NCPA - National Center for Policy Analysis


November 18, 2004

Michigan's state-level "job creation" programs are not delivering the goods, according to recent numbers on the state's job and income growth from the Mackinac Center for Public Policy.

In 1995, previous governor John Engler focused on job growth, elevating the Michigan Jobs Commission to department-level status; from that commission the Michigan Economic Development Corporation (MEDC) was created in 1999.

Since then Michigan:

  • Ranked last among the 50 states and Washington, D.C., in employment growth based on the percentage of new jobs created, between December 1995 and December 2003.
  • Dropped from 23 to 30 out of the 50 states in gross state product per capita, between 1995 and 2001.
  • Ranked 49 out of the 50 states in per-capita income growth, between 1995 and 2003.
  • Lost 23 percent of all jobs in the United States between 2001 and 2003.

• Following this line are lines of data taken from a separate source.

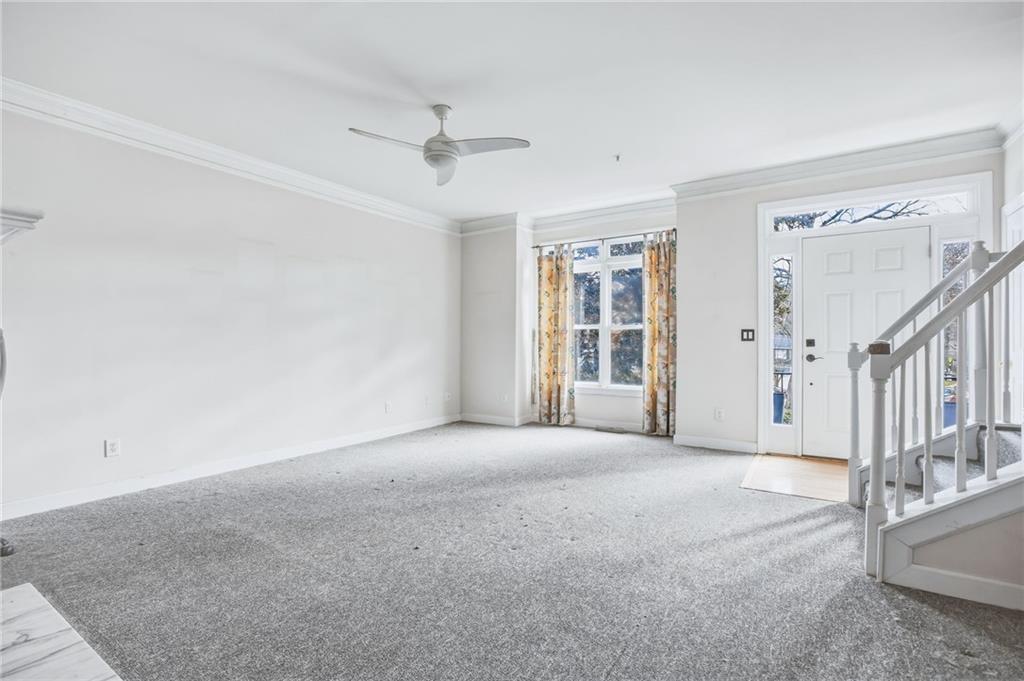 260 Manning Road Southwest, Unit 136 Marietta, GA 30064 - Photo 10 of 43 a view of an empty room with a window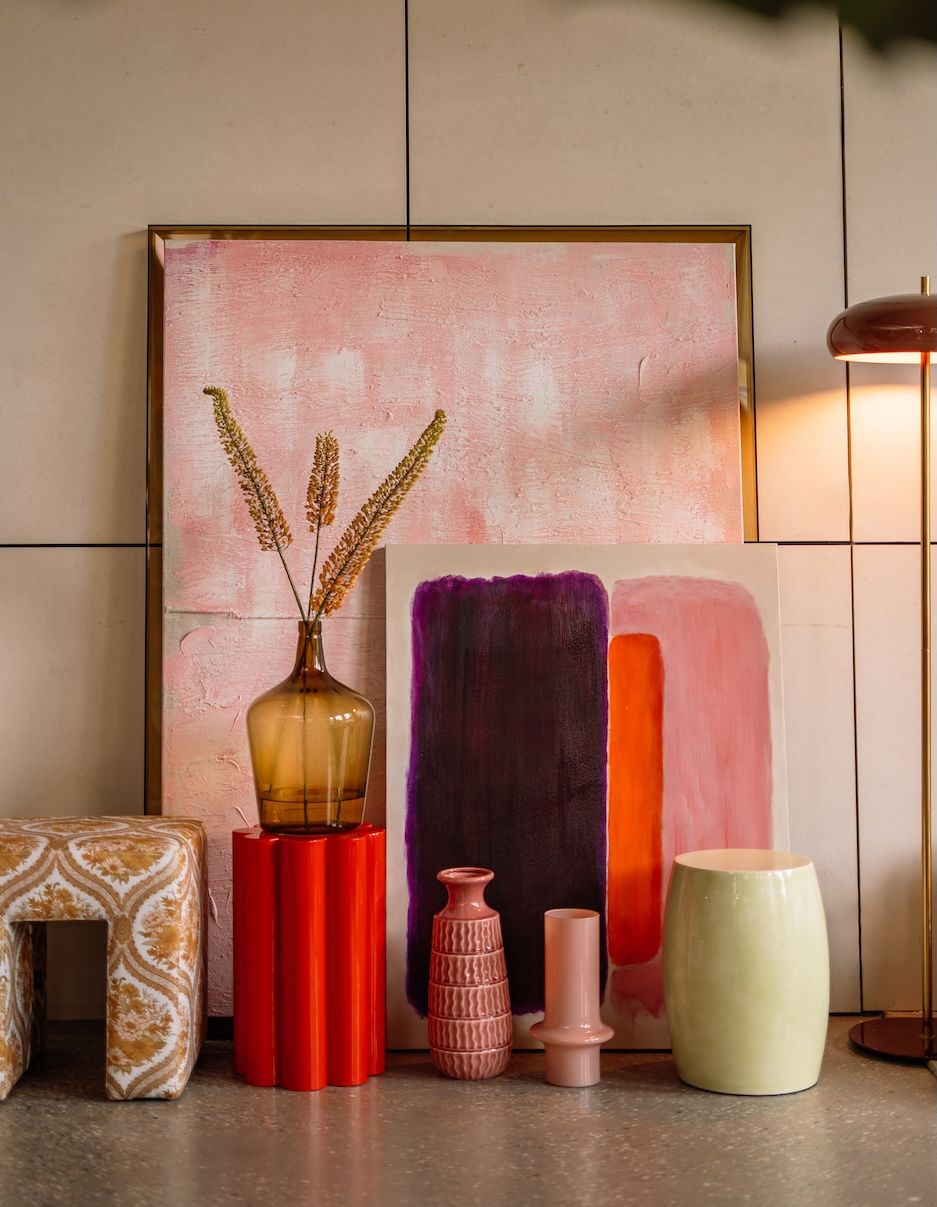 Bijzettafels en vazen op de grond voor roze schilderij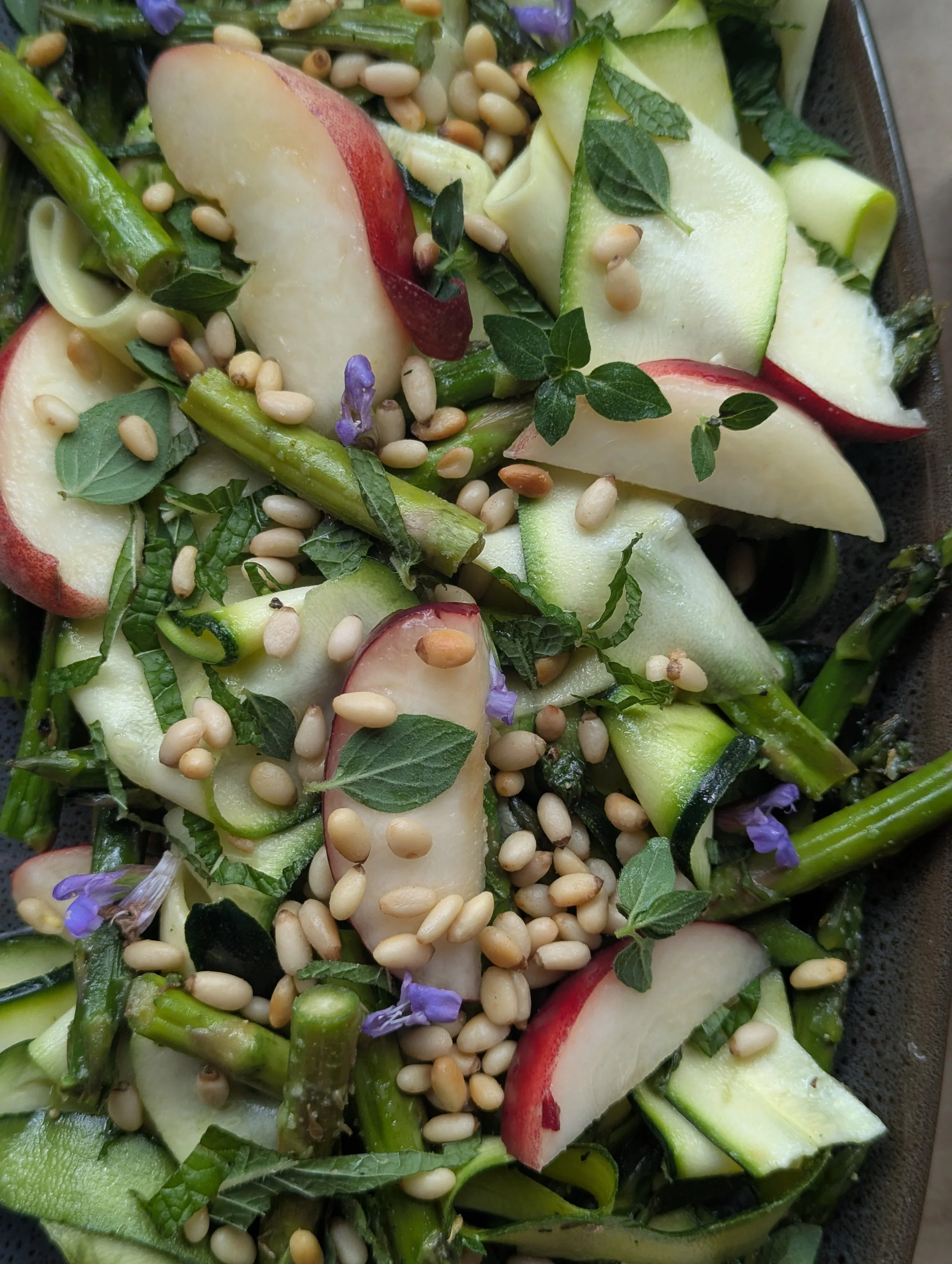 Salad with sliced apples, green beans, pine nuts, fresh herbs, and purple edible flowers.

The goal of the MEDC was to retain jobs while creating new ones, through tax abatements, targeted incentives and job training, focusing particularly on depressed areas. In fact, the incentives used to create jobs cost Michigan taxpayers $290 million between 1999 and 2003, money that would have probably created more jobs if left in the hands of the people, says Mackinac.

Taxpayer money would be better spent on broad reforms, such as across-the-board tax cuts, regulatory and labor market reforms (such as ensuring that unions are voluntary and not compulsory), and school choice promotion, explains Mackinac.